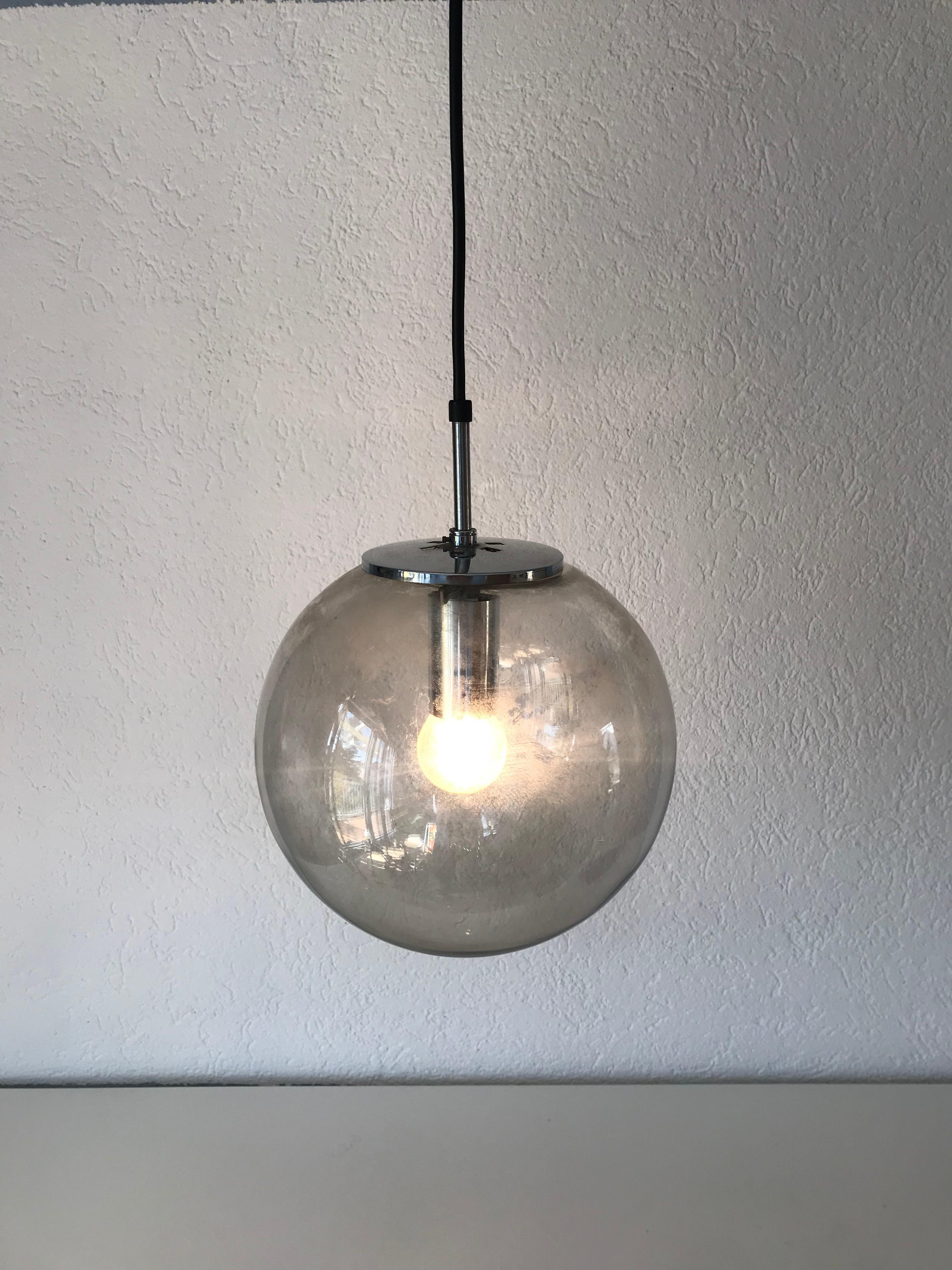Large pendant lamp by Glashütte Limburg made in the 1970s in Germany. Full glass ball with chrome metal top. Good vintage condition. 

The light requires one E27 light bulb.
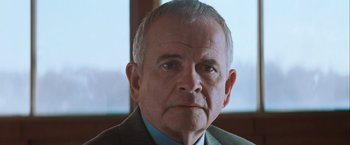 Movie still from “The Sweet Hereafter” (1997), directed by Atom Egoyan – An older man wearing a suit and tie; Close Up shot, Low angle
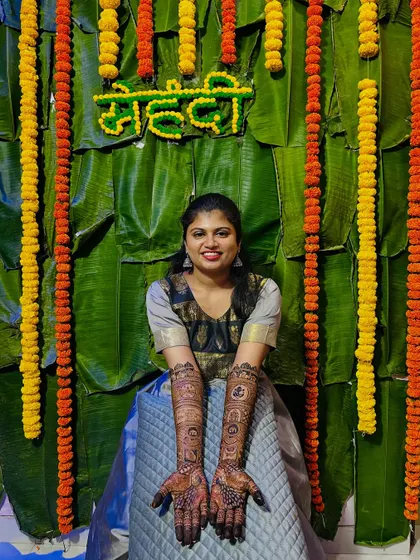 The bride proudly displaying her full bridal mehendi. The intricate patterns are a testament to the hours of artistry.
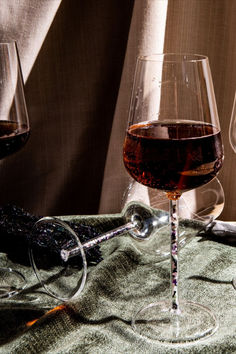 three glasses of wine sitting on top of a table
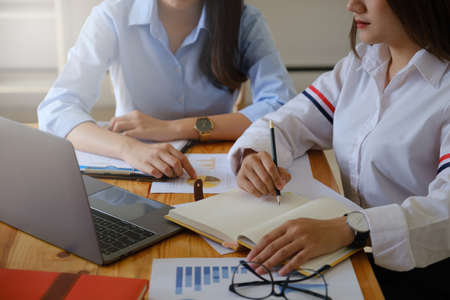 Young creative asian businesswoman meeting at office and focus content on laptop. Brainstorming...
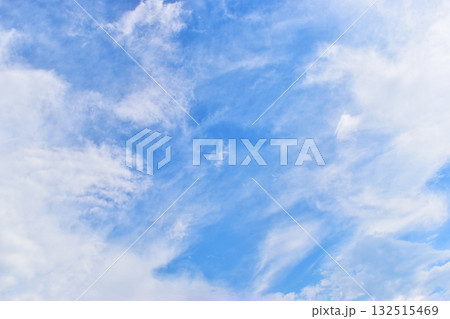 beautiful blue sky and white fluffy group of clouds with sunrise in the morning, natural background 132515469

(Your assignment) Could the listing above be printed again in full, with every picture omitted?

(Answer for the task)
Large pendant lamp by Glashütte Limburg made in the 1970s in Germany. Full glass ball with chrome metal top. Good vintage condition. 

The light requires one E27 light bulb.
 Movie still from “The Sweet Hereafter” (1997), directed by Atom Egoyan – An older man wearing a suit and tie; Close Up shot, Low angle
 The bride proudly displaying her full bridal mehendi. The intricate patterns are a testament to the hours of artistry.
 three glasses of wine sitting on top of a table
 Young creative asian businesswoman meeting at office and focus content on laptop. Brainstorming...
 beautiful blue sky and white fluffy group of clouds with sunrise in the morning, natural background 132515469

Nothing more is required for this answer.